Controlling emissions of air pollutants from industrial and domestic sources is important in protecting public health and welfare.
Be it Beijing, Delhi, London, Paris, Manila or São Paulo, the data suggests the urban environment is the most dangerous when it comes to air pollution. It has now become the world’s largest single environmental health risk. Reducing air pollution could save millions of lives.
Air pollution can generally be defined as the presence of one or more contaminations in the atmosphere in such a quantity and of such duration tends to be injurious to human health, animals, plants, properties and unreasonably interfering with an enjoyment of life or property.
Unlike water pollution, air pollution is more difficult to control as air is more diffusive, therefore, any control technology for air pollution will be more effective at the source rather than after dispersion into the environment.
We know that the main pollutants present in the air, are particulate matter, gaseous pollutants SOx and NOx etc., so control technology applied for checking and finally bringing these to or within permissible limits needs to be understand and applied accordingly. Some of the control technologies are described below:
Dilution of particulates and gases
Tall stacks are used to dilute particles present in the air. Pollutants released from taller stacks easily disperse and their low ground level concentrations are observed. Tall stacks penetrate the inversion layer and disperse the contaminants easily that make it less harmful at ground level.

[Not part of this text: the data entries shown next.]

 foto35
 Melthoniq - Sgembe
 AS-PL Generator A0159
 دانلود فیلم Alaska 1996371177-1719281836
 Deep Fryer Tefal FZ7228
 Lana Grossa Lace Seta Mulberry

Using air pollution control devices
Studies reveal that air pollutants originate primarily from industrial processes. Past observations show that more than 18 million tons of suspended particulate matter were emitted to our atmosphere. Out of these; 50% was contributed by industries alone.
In view of the above issue, the following devices divided into five major groups in vogue are generally used.

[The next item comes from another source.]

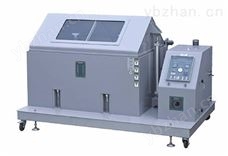 ZT-DS-120GJB150.11A-2009鹽霧試驗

- Gravitational settling chambers
- Electro-static precipitators
- Scrubbers or wet collectors
There are various criteria considered while selecting the devices such as size distribution, shape, density, stickiness and hygroscopicity and electrical & thermal properties of particulate matter.
Controlling gaseous pollutants
Sulfur oxides (SOx), nitrogen oxides (NOx) and hydro-carbons (HC) are the principal gasses of concern in air pollution control. The mechanism like chemical engineering unit operations which include absorption, condensation and combustion can be used to control these gasses.
SOx Control Technique
SOx include six different gaseous compounds of Sulphur namely Sulphur monoxide (SO), Sulphur dioxide (SO2), Sulphur trioxide (SO3), Sulphur tetraoxide (SO4), Sulphur sesquioxide (S2 O3) and Sulphur heptaoxide (S2 O7).
Out of these, SO2 and SO3 are the most significant in air pollution. The following control and removing technologies are used to check and control emissions of SOx.
- Desulfurization (Wet FGD and Semi-dry/Dry FGD processes)
- Natural dispersion by dilution (Tall stacks)
- Control of SOx in the combustion process
- Treatment of flue gas emissions
The reduction of SO2 is primarily focused on fossil-fuel combustion sources. Reductions can be accomplished through the use of lower sulfur–containing fuel and/or installation of wet or dry scrubbers.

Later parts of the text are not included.